In any event, the 2010 language requirement caused particular concern for certain communities, particularly those from the India, Pakistan, and Bangladesh communities where marriage to partners from those countries is most common. They perceived the rule as a discriminatory measure which aimed to limit spousal migration from those and similar areas and a hinderance to their family life. They thus sought to challenge the validity of this requirement in November 2010, before it had come into force.

 

The Supreme Court ruled that the English language requirement had the aim of assisting the foreign partner’s integration into British society at an early stage. It was not difficult to see the benefits to integration of even a basic level of English language skills. It was not difficult to see a rational connection between the measure and the aim that the rule sought to achieve.

 

Although integration through a shared language skills was principally achieved through spouse or partner’s settlement stage, where they would pass a ‘Life in the UK’ test, the Court found that, there was some benefit to integration and cohesion in requiring a very basic level of language at the outset, before the partner had even come to the country.

 

There would be substantial interference with the family rights of certain people. For example, people living in remote rural areas may experience serious difficulties in gaining access to suitable tuition, which might only be obtainable at unreasonable cost.

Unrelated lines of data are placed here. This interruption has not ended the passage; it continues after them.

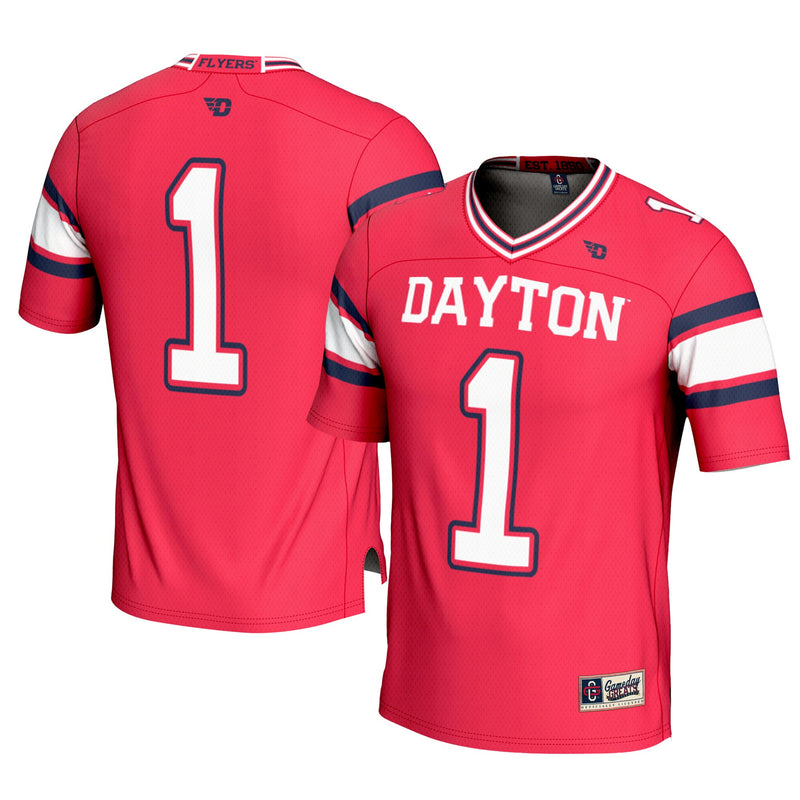 Dayton Flyers Red jersey – view 1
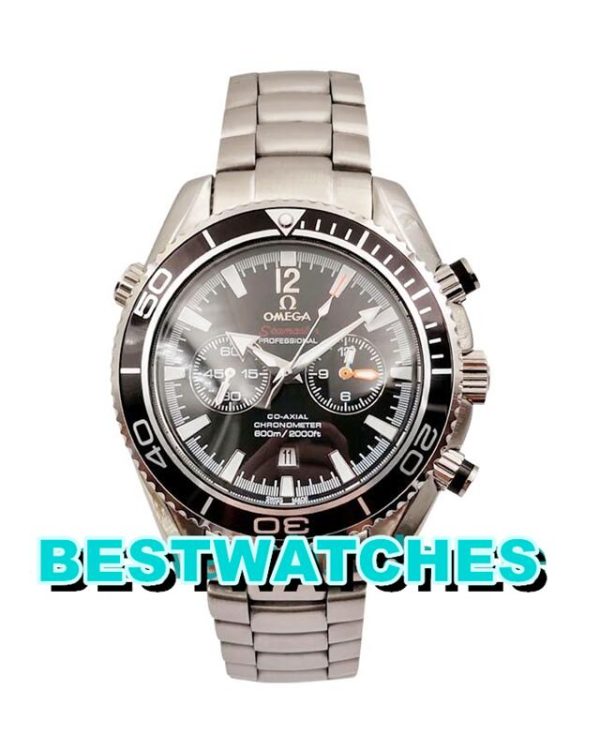Replica Omega Seamaster Planet Ocean 232.30.46.51.01.001 - 43 MM – Bild 2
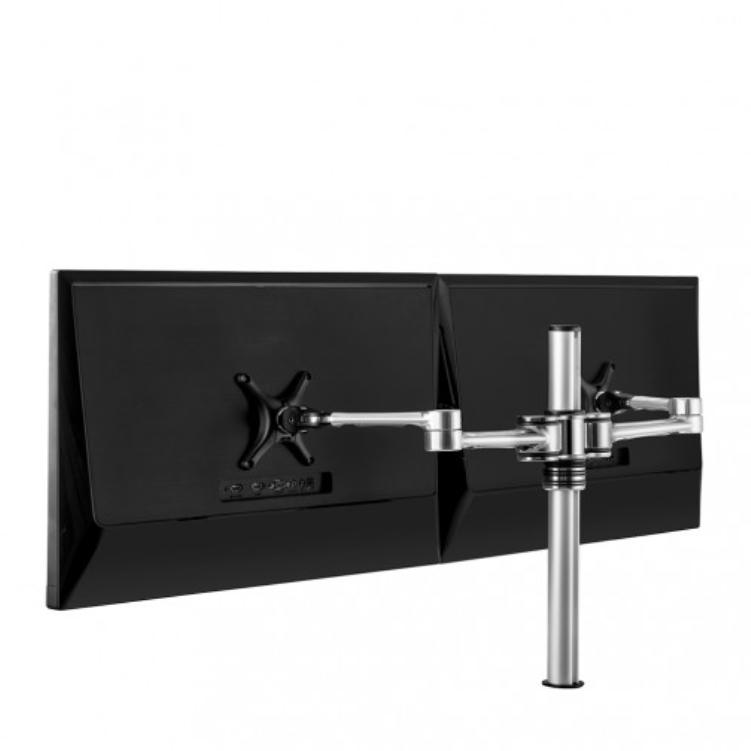 Atdec Dual Monitor Mount with Swing Arms - Monitors - Mounts - Image 4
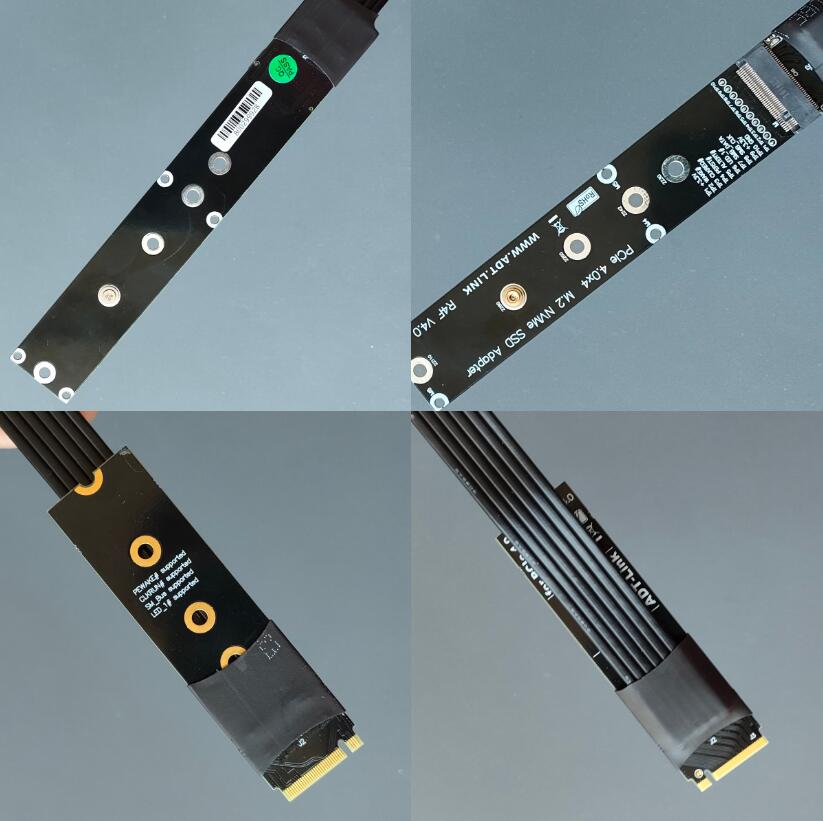 ADT-Link M.2 NVMe SSD-verlengk - Pcie Riser Cable recensie en prijs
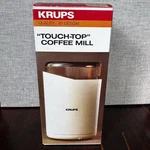 Krups Touch Top Electric Spice And Coffee Grinder Mill New Box Old Stock. Fixed Price $59.99.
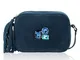 Borsa a tracolla con decoro gioiello
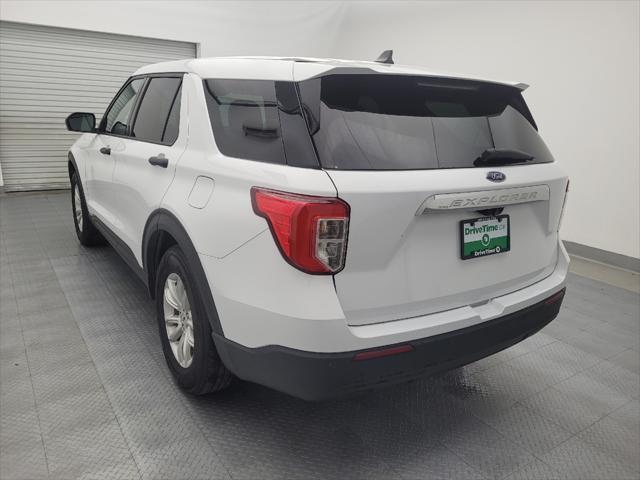 used 2021 Ford Explorer car, priced at $24,595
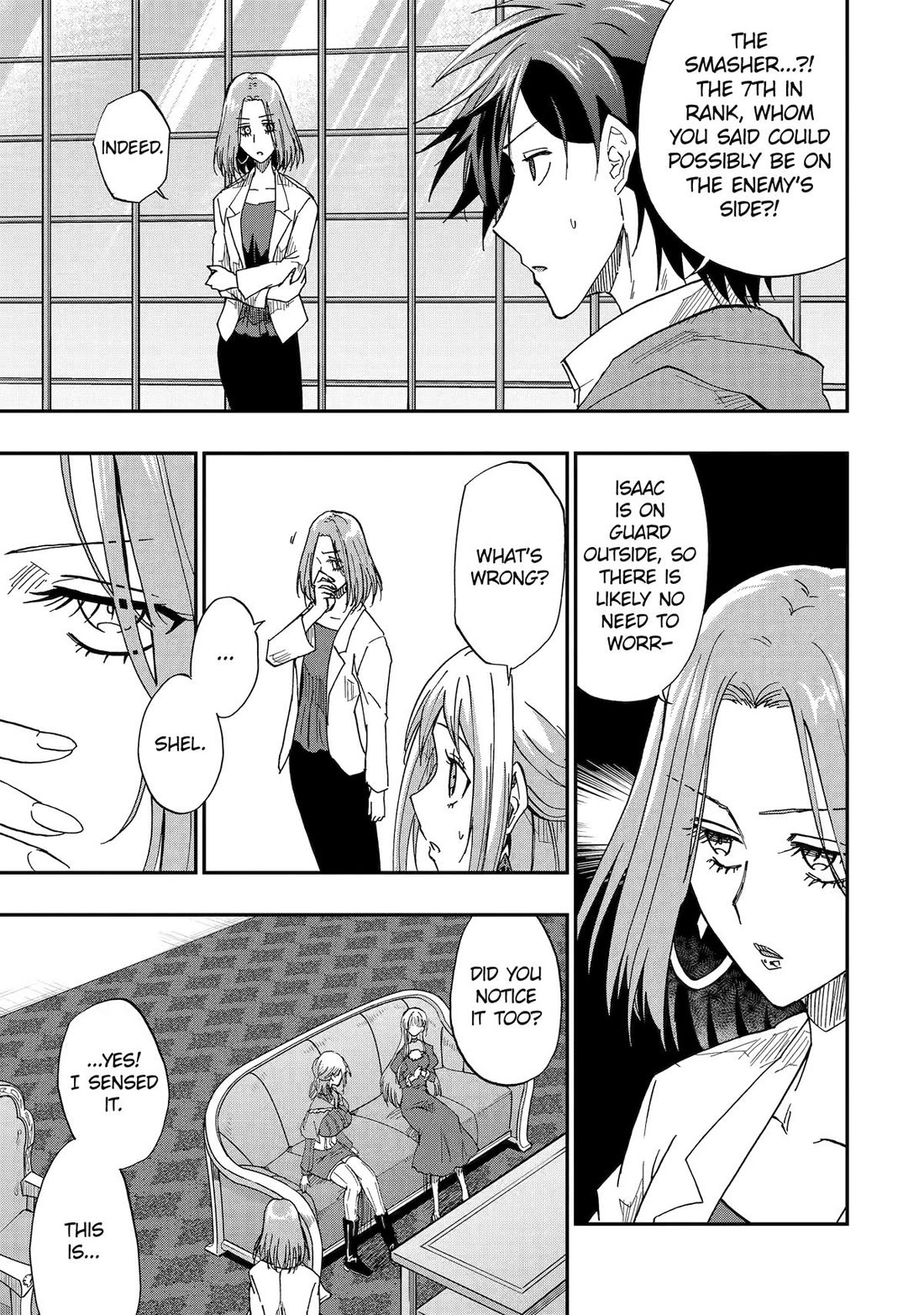 Ankoku Kishi no Ore desu Ga Saikyou no Seikishi wo Mezashimasu chapter 63 page 14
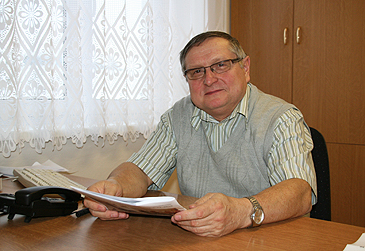 Starosta Zdeňek Tomášek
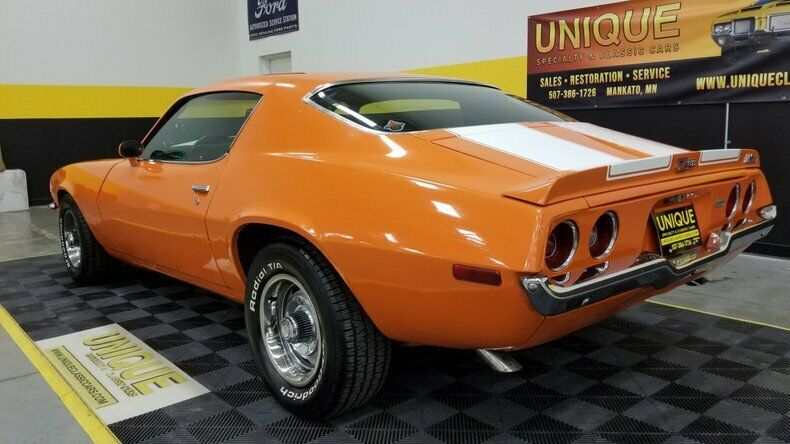1973 Orange Chevrolet Camaro Coupe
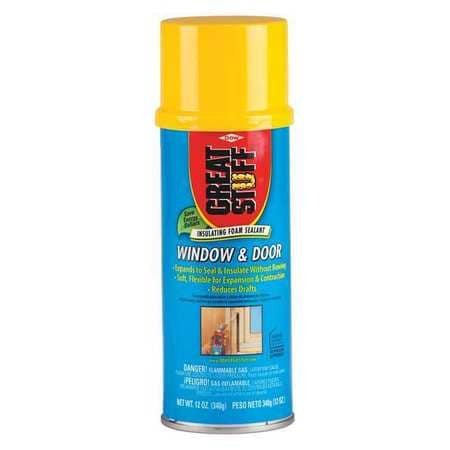 GREAT STUFF PRO 00175437 FOAM SEALANT,12 OZ,FULL CURE TIME 12 HR
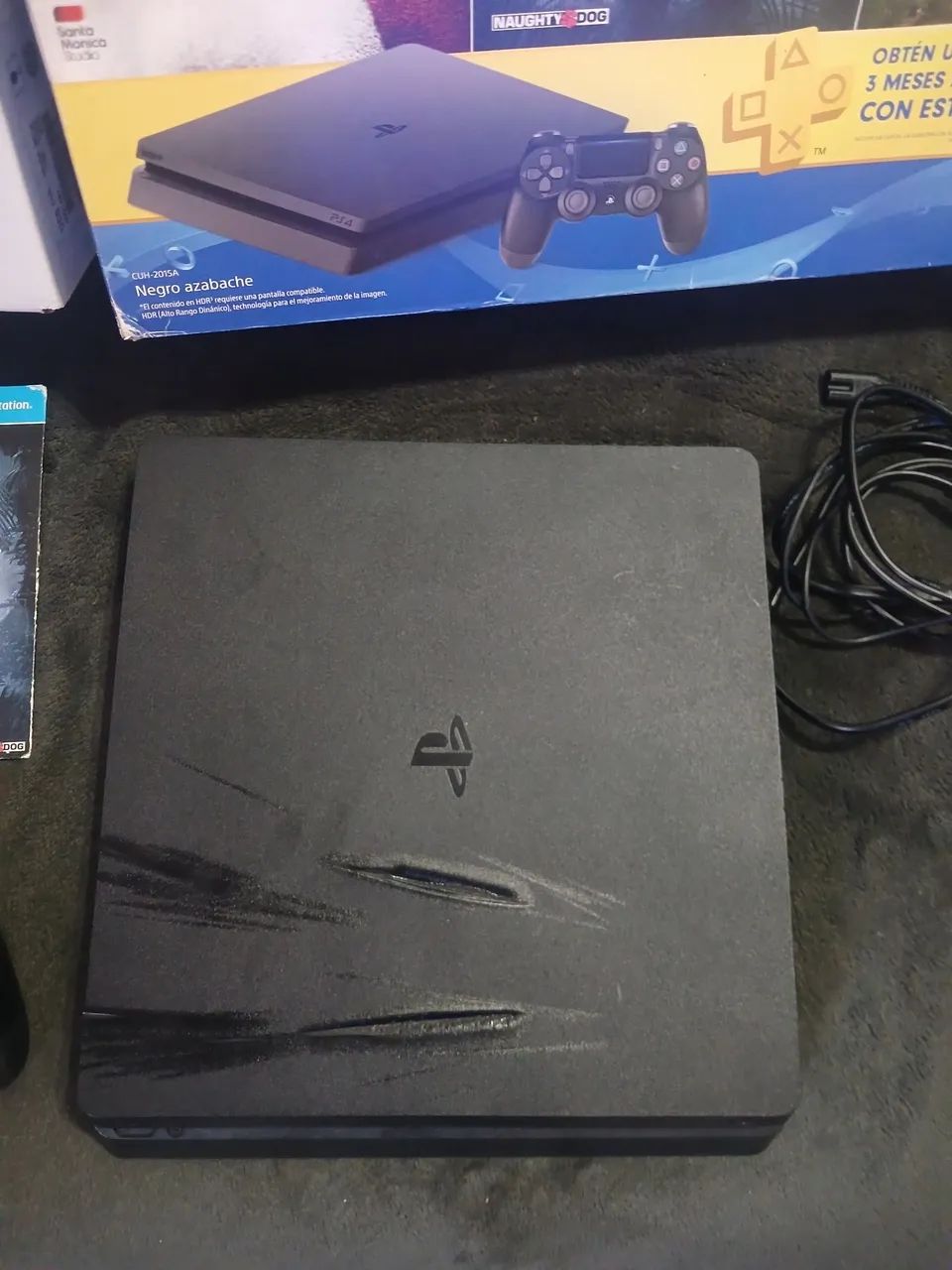 PS4 SLIM NA CAIXA - Foto 3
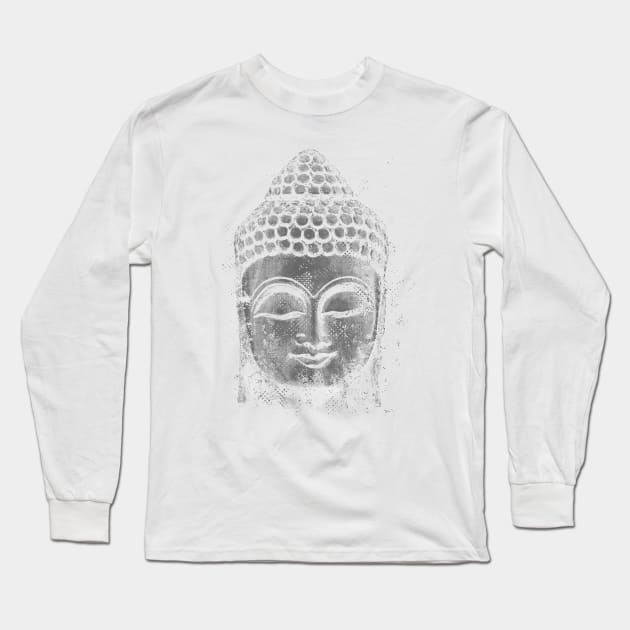 BUDDHA Long Sleeve T-Shirt by swarna artz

There might also be some for whom getting to a test centre would be impossible or prohibitively expensive.

 

There might be some benefit in declaring that the application of the rule would be incompatible with the right to a private family life under the Human Rights Art.8, in cases where it was impracticable for a person to learn English or take the test in their country of origin. The Court advised that the Government may need to make some exemptions to the rule. The court will be waiting for the applicant to make a request for such a declaration.

 

This judgement may be viewed as harsh for foreign spouses and partners that are finding it difficult to pass the test and will be prevented from living together with their partner interminably. Foreign spouses and partners have demonstrated since 2007, that they are able to learn English and pass the more challenging test of ‘Life in the UK’ within 2 years of being admitted into the UK.